A little more than a year ago, Romina Rosales, a Latin migrant 43-year-old sex worker, started “Queens of the Underworld”, a non-profit organisation based in L.A., California. According to their website, the organisation “provides community for women-identifying and femme sex workers that serves as a resource for learning coping-skills and self-care”. They are committed to providing a safe and welcoming atmosphere where sex workers can connect with resources, and to learn self-care and awareness through classes, mentorship, and peer support.

Latin American people make up the largest demographic in L.A., and at least 20% of the sex workers that Romina work with are Latin migrants. Many live under the threat of deportation. Although this has always been a problem for Latin people living in the United States, fear has increased under Donald Trump’s administration. Obama’s administration oversaw the deportation of 3 million migrants, making it the biggest period of immigrant deportation of all time. Now, Donald Trump is surpassing this. Deportations in February 2017 were 2.2% higher than the previous year under Obama, with most people being deported to Mexico, Guatemala, Honduras, and El Salvador, according to ICE. There are not only more arrests - they are also more violent.
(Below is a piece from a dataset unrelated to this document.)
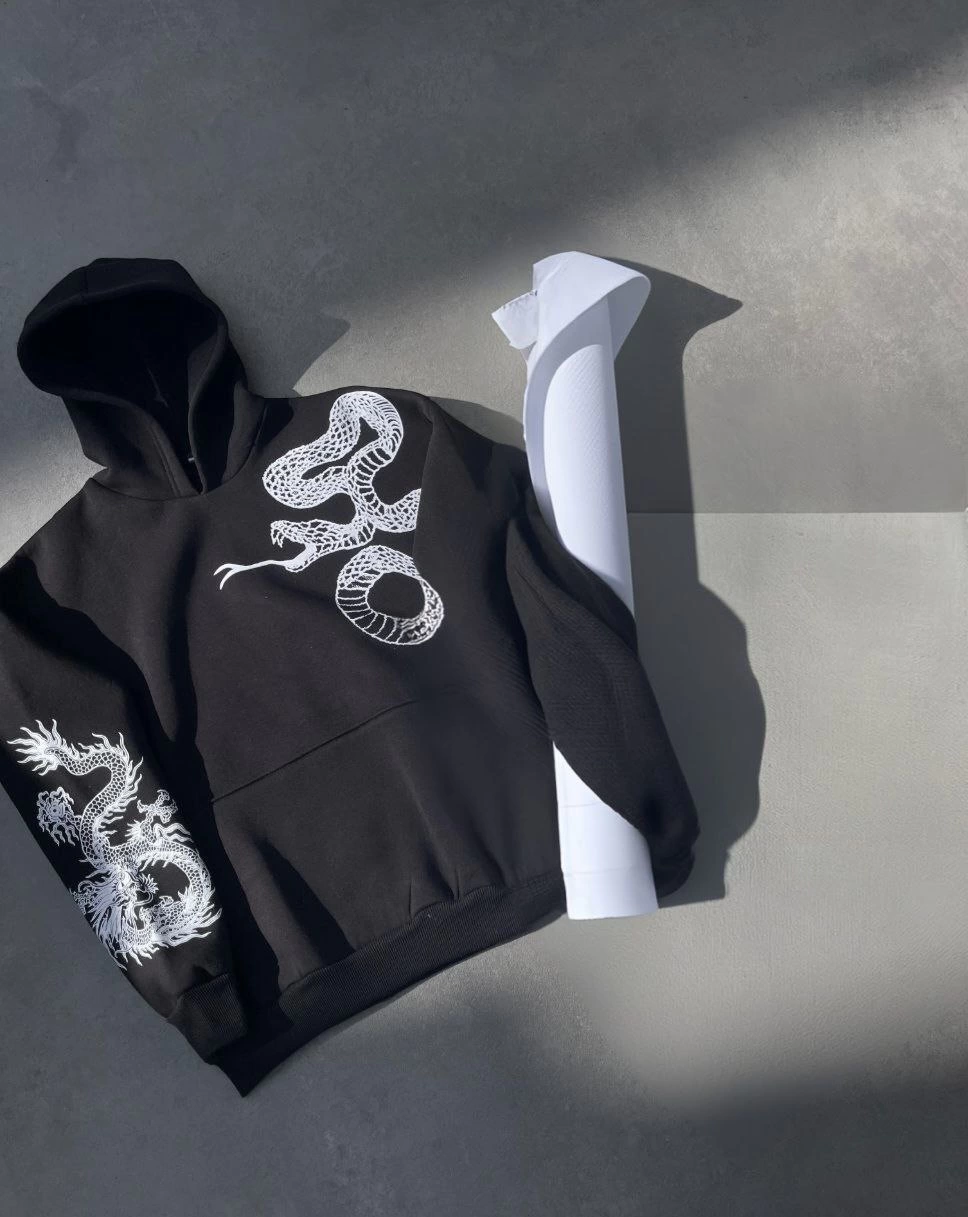 Uzun Kol Kapüşonlu Baskılı SweatShirt - Siyah -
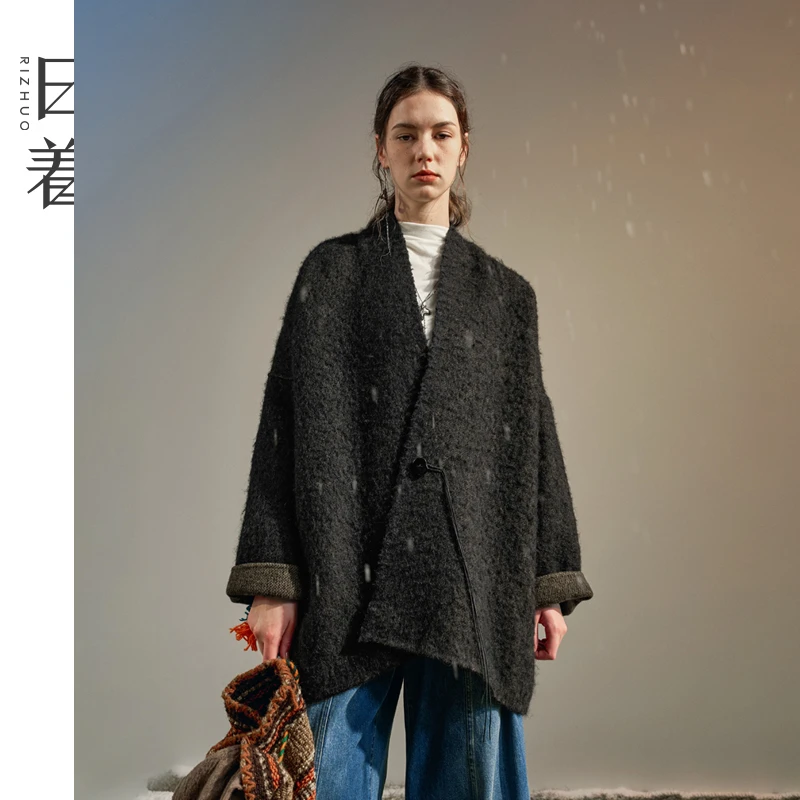 日着侠一匹风毛呢外套2025秋新款限量高级慵懒黑色大衣女RD8530D1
Some people Romina works with have married abusive men in order to get their papers. The ones that do not have papers cannot apply for state aid, and can’t get an apartment – or even a phone - in their name.

Building community

Romina told us that she has had anxiety issues for years, telling us “I couldn’t move further in my life until I started to process those issues”. One night, while she was in the dressing room of the strip club where she worked, she had the idea of asking other sex workers about their own anxiety problems. She made a survey, took copies and handed them out in a red file folder to every sex worker she could find. She received a lot of responses, and there she found out that there were a lot of common denominators related to the specific vulnerability of being a sex worker. One key thing she saw was the need for sex workers to find an atmosphere where they were validated and supported.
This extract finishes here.